Là où les nationalistes, en dépit de leur dogmatisme parfois caricatural, avancent un horizon (une Irlande unie), les unionistes donnent le sentiment de naviguer à vue, sans boussole.
À défaut de vision claire, l’Unionisme s’est souvent replié sur des postures identitaires clivantes. Le mépris affiché envers la langue irlandaise, la gestion clientéliste des institutions, ou encore les revirements permanents sur le Protocole nord-irlandais ont fini par éroder la confiance même des plus loyaux électeurs.
L’unionisme paraît plus divisé que jamais, prisonnier de ses contradictions. Doit-il assumer une forme de gouvernement partagée avec les nationalistes ou s’y opposer frontalement ? Veut-il moderniser le pays ou préserver l’ordre ancien ? Privilégier les intérêts économiques ou les symboles culturels ?
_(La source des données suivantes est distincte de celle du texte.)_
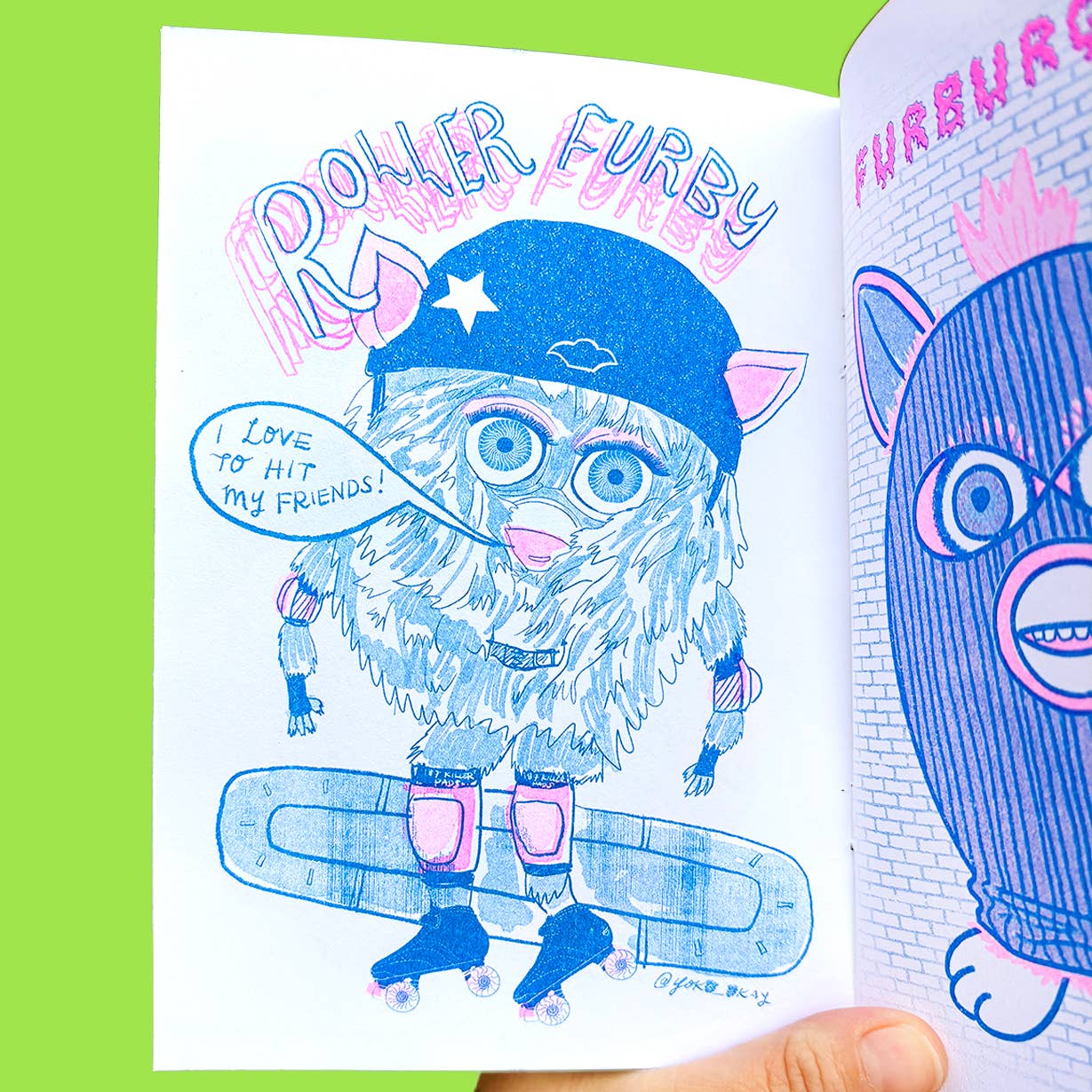 Tamiko Sidore Studio - Wholesale Magazine - FURBYPHILIA Zine2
Un avenir incertain mais encore possible
Pourtant, tout n’est pas joué. La situation actuelle, aussi préoccupante soit-elle pour les partisans du maintien dans le Royaume-Uni, n’implique pas une réunification imminente. Le rêve de l’unité irlandaise, malgré les discours enflammés de Sinn Féin, reste largement théorique et sans calendrier crédible.
Ce qui manque cruellement à l’Unionisme, c’est un projet clair, audible, capable de séduire au-delà de la communauté protestante. Un projet fondé sur l’efficacité gouvernementale, la défense des services publics (notamment le NHS), et une identité culturelle ouverte, non belliqueuse. Un projet qui cesse de ressasser le passé pour s’attaquer aux défis sociaux, environnementaux et économiques d’une Irlande du Nord en panne.
Le leadership actuel de Gavin Robinson, jeune et instruit, offre peut-être une lueur d’espoir. Mais sans rupture réelle avec les erreurs du passé, son parti risque de s’enfoncer dans l’oubli, laissant le champ libre à un nationalisme qui, malgré ses propres failles, apparaît aujourd’hui plus cohérent et mobilisateur.